Standard Solar completed its first community solar project in New York last week. The project was developed by U.S. Light Energy and subscribed by Common Energy. Standard Solar will own and operate the community solar farm. The 7-megawatt (MW), ground-mounted solar project located on 40 acres of land on the Sugar-Hill/Sugar-View Farm on Sugar Hill Road is expected to produce more than 8.6 million kilowatt-hours (kWh) of clean energy annually.
As a participant in New York State’s Community Solar Program, the project will provide homeowners, renters, and businesses with the benefits of solar energy without the cost of equipment, installation and maintenance. Common Energy subscribed the project through local partnerships and outreach across the Capital Region. The Sugar Hill project will generate enough clean electricity to power approximately 500 homes, preventing over 3.2 million pounds of carbon emissions each year, the equivalent of approximately 40,000 fully grown trees. Participants in the program will receive clean energy credits on their National Grid bill each month and will save on average $10-20 per month for up to 20 years. Homeowners, renters and businesses in the area that are interested in the program should contact Common Energy, which is subscribing additional projects across the region.
“We are excited that through our financial strength, project development expertise and strong partnerships we are bringing the first community solar project to the residents of Clifton Park,” said Scott Wiater, President & CEO, Standard Solar. “We’re committed to building on this momentum and replicating its success with additional community solar projects throughout New York and the U.S.”

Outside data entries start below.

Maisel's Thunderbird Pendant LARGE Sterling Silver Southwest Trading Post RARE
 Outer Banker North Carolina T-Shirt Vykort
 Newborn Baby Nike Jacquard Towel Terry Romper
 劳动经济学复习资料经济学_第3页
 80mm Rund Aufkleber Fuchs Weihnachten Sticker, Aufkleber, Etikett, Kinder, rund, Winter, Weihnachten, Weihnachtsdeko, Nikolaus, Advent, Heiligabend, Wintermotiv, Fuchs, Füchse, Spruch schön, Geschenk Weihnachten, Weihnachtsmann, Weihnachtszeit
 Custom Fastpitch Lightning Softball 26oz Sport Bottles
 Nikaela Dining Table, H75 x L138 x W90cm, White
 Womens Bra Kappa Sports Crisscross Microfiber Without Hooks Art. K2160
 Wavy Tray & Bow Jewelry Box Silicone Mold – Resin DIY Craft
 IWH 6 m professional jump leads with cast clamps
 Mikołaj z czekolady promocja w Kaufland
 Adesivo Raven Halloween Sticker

“We are pleased to be part of this important project that brings real economic and environmental benefits to the entire community,” said Common Energy’s Founder and CEO, Richard Keiser. “Affordable clean energy has never been easier to access, and we are proud to enable residents and businesses across the region this opportunity to save money and lower carbon emissions.”
The project received over $1.6 million in funding from Governor Andrew M. Cuomo’s NY-Sun initiative, administered by the New York State Energy Research and Development Authority (NYSERDA).